President Barack Obama's Tuesday visit to an Chattanooga Amazon fulfillment center went about as you might expect. In front of an adoring crowd of Amazon employees and a few local and state dignitaries -- all of the Democratic persuasion, sans former U.S. Rep Zach Wamp and current state House Majority Leader Rep. Gerald McCormick, both Chattanooga residents and stalwart Republicans -- Obama announced a proposal he called a "grand bargain" to cut corporate taxes and implement some other tax changes and use the proceeds to fund infrastructure improvements and other projects. Everyone applauded loudly, the president said, "Let's get to work!", and everyone gushed about how wonderful he was as they streamed to the exits, only to be corralled by security until the motorcade had left the premises.
And it's true -- Obama is a dynamic speaker live. Dressed in black pants and a white shirt with the sleeves rolled up, as if to say, "I'm ready to work, are you?", the president gave a forceful speech about creating stable jobs for the middle class. And if he was delivering that speech at a warehouse where workers make $11 an hour, are often only offered seasonal jobs, and are frequently subject to unsafe working conditions? Well, at least they're hiring, right?
The president was at his strongest when criticizing the gridlock in Washington, especially that in the House, and how it's not doing anything to help the economy:
Gutting investments in education, that's not a jobs plan. They keep on talking about this -- an oil pipeline coming down from Canada that's estimated to create about 50 permanent jobs -- that's not a jobs plan. Wasting the country's time by taking something like 40 meaningless votes to repeal Obamacare is not a jobs plan. That's not a jobs plan.

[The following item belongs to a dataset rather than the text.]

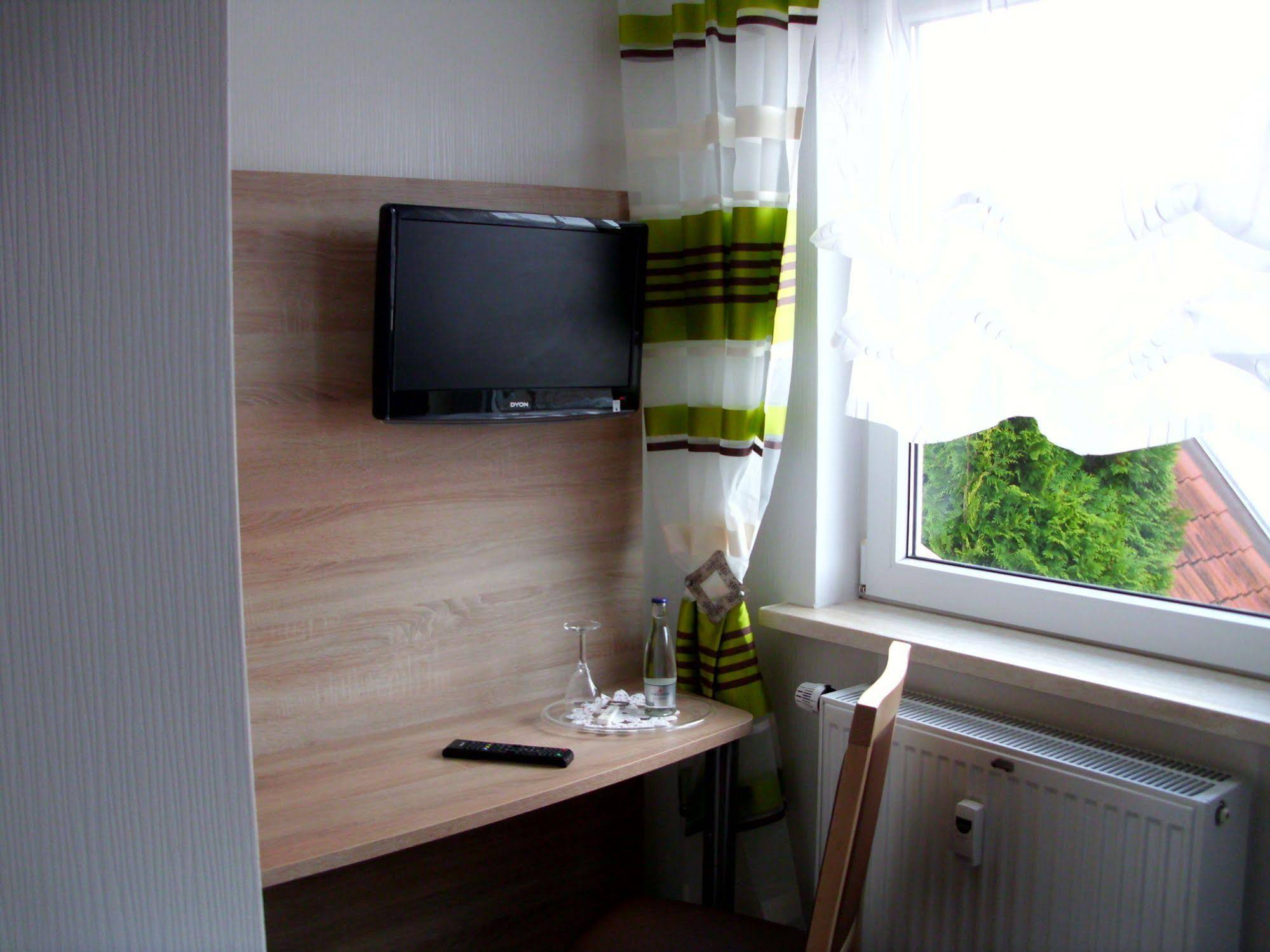 Hotel Road-House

That last line? It brought down the house, as you might expect. Outside the massive warehouse, where people lined the streets with signs in support of the president, "Thank you for bringing us healthcare" was a common refrain. There supposedly was a Tea Party protest, somewhere, probably closer to the airport, but despite all the bitter statements and other propaganda issued by the always classy Tennessee GOP, Obama has a lot of fans in Chattanooga. And Memphis. And Nashville. And Knoxville. The mayors of all those cities (except Nashville) were in attendance, and in the parking lot there were cars with license plates from counties across the state.
The Washington Post is already calling Obama's plan dead on arrival, and, given the divisions between the House and the Senate, they're probably right. But whether this "grand bargain" goes anywhere or not, Obama's presidency is sticking around. "I'm just going to keep on throwing ideas out there to see if something takes," the president said, and then continued:
We've got to be honest about the challenges we face, but also the opportunities that are out there.And that's what I'm going to be focused on not just for the next few months. I'm going to be focused for every one of the 1,270 days I've got left in my presidency on how to make sure that we've got more opportunity and more security for everybody who is willing to work hard in this country. That's where I believe America needs to go.
In short, don't hold your breath, America, but don't totally give up hope either. Maybe on one of those 1,270 days something will actually get done.